*** Opening of THE DATA ***

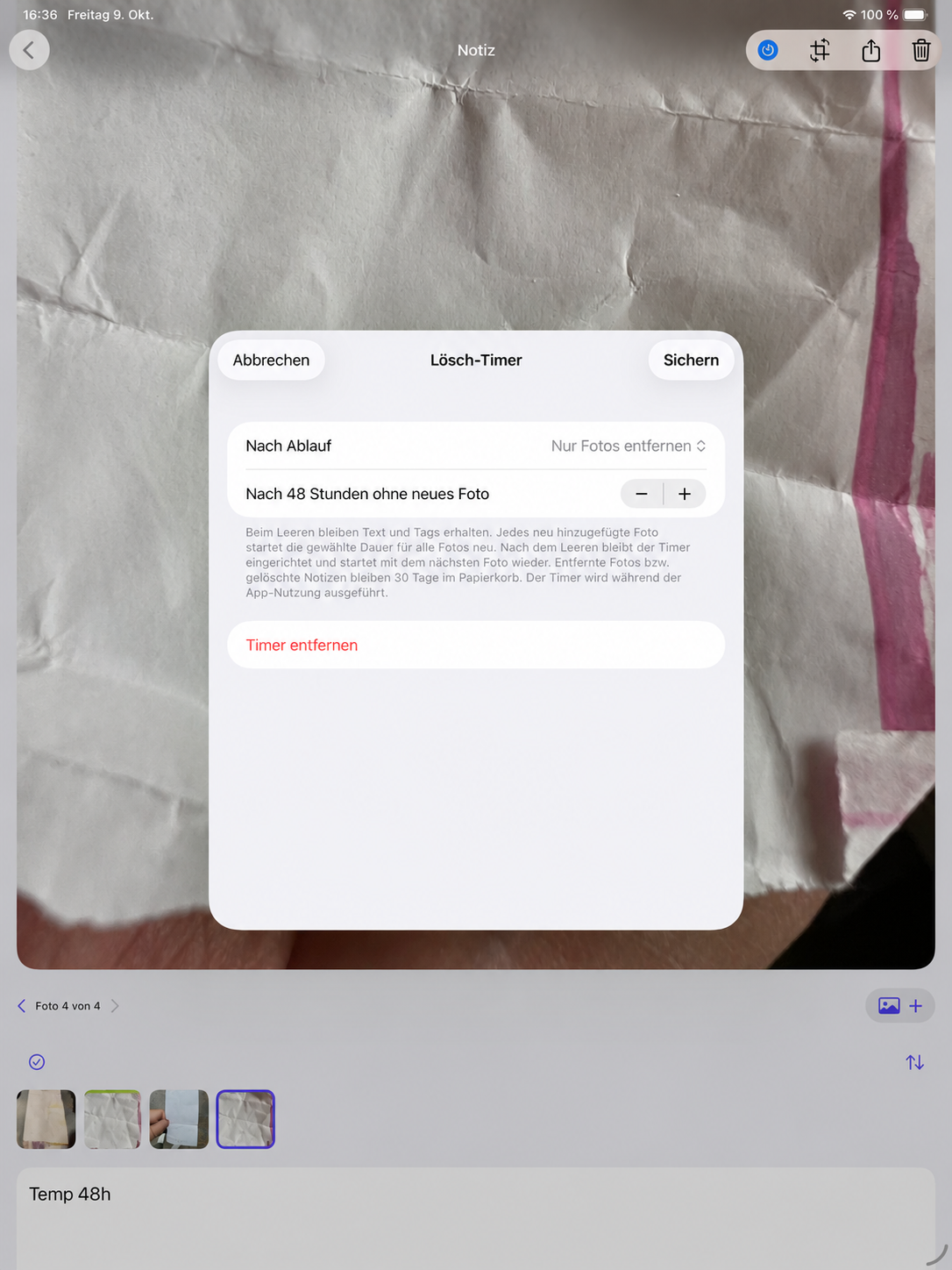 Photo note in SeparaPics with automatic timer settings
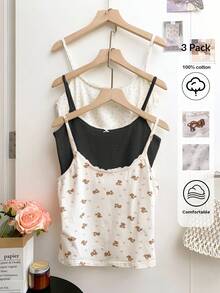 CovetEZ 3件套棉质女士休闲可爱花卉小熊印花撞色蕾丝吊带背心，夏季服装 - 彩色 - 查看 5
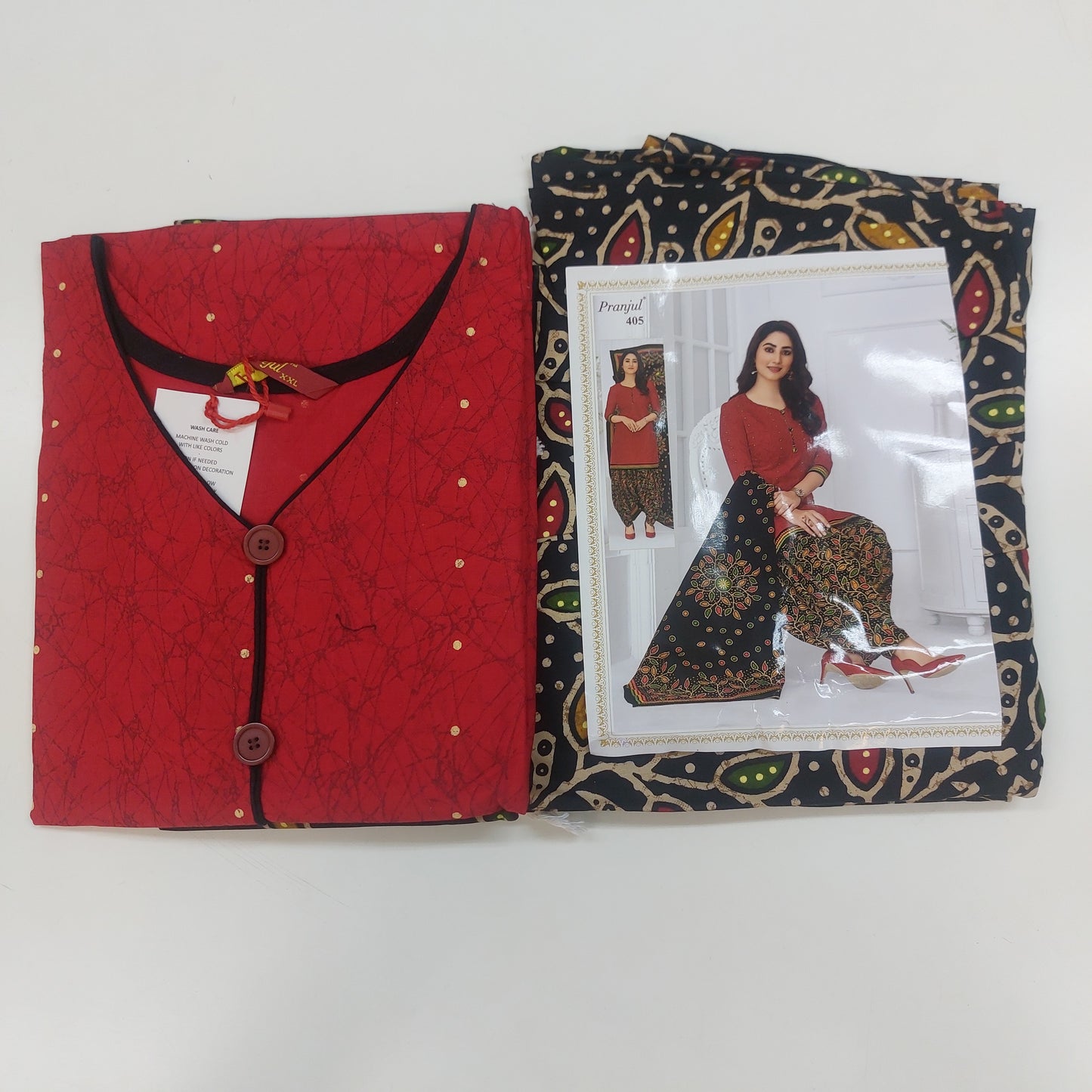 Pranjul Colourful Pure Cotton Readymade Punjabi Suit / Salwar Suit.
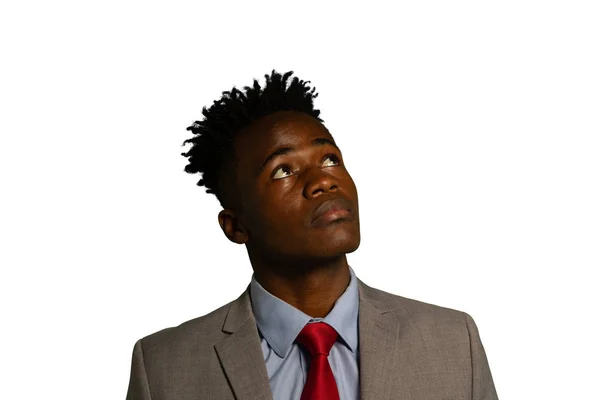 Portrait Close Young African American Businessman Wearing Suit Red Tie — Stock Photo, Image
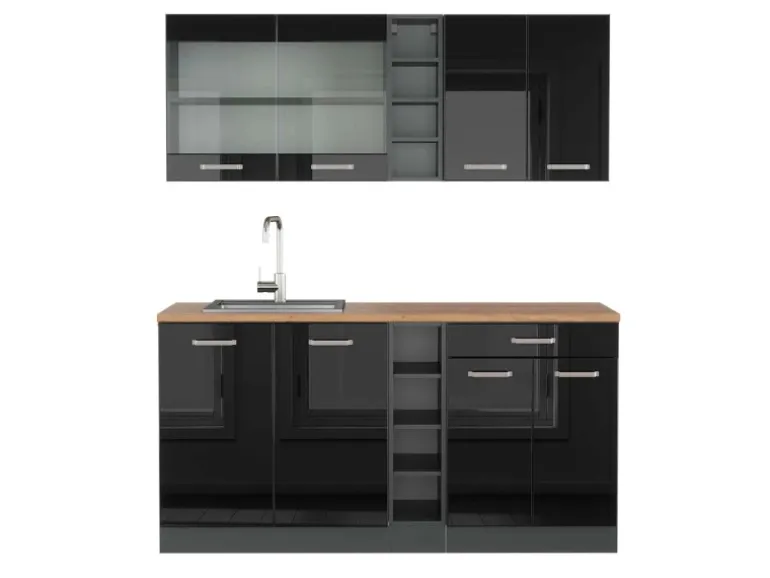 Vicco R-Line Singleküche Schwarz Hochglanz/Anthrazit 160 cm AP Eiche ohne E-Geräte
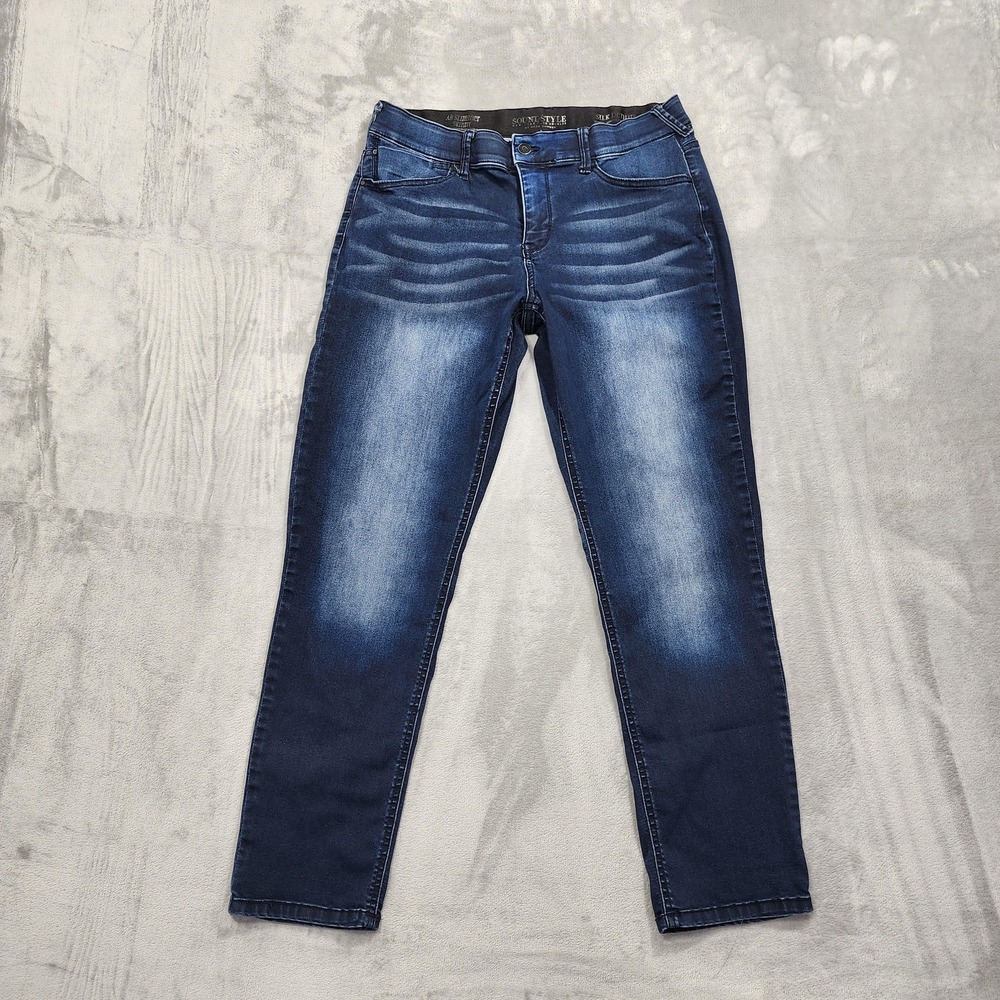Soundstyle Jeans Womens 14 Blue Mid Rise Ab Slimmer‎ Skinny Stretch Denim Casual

*** Close of THE DATA ***

# [TASK TO CARRY OUT]
Your answer must be the full listing, reproduced word for word, without its pictures.

# [SOLVED PROBLEM]
 Photo note in SeparaPics with automatic timer settings
 CovetEZ 3件套棉质女士休闲可爱花卉小熊印花撞色蕾丝吊带背心，夏季服装 - 彩色 - 查看 5
 Pranjul Colourful Pure Cotton Readymade Punjabi Suit / Salwar Suit.
 Portrait Close Young African American Businessman Wearing Suit Red Tie — Stock Photo, Image
 Vicco R-Line Singleküche Schwarz Hochglanz/Anthrazit 160 cm AP Eiche ohne E-Geräte
Soundstyle Jeans Womens 14 Blue Mid Rise Ab Slimmer‎ Skinny Stretch Denim Casual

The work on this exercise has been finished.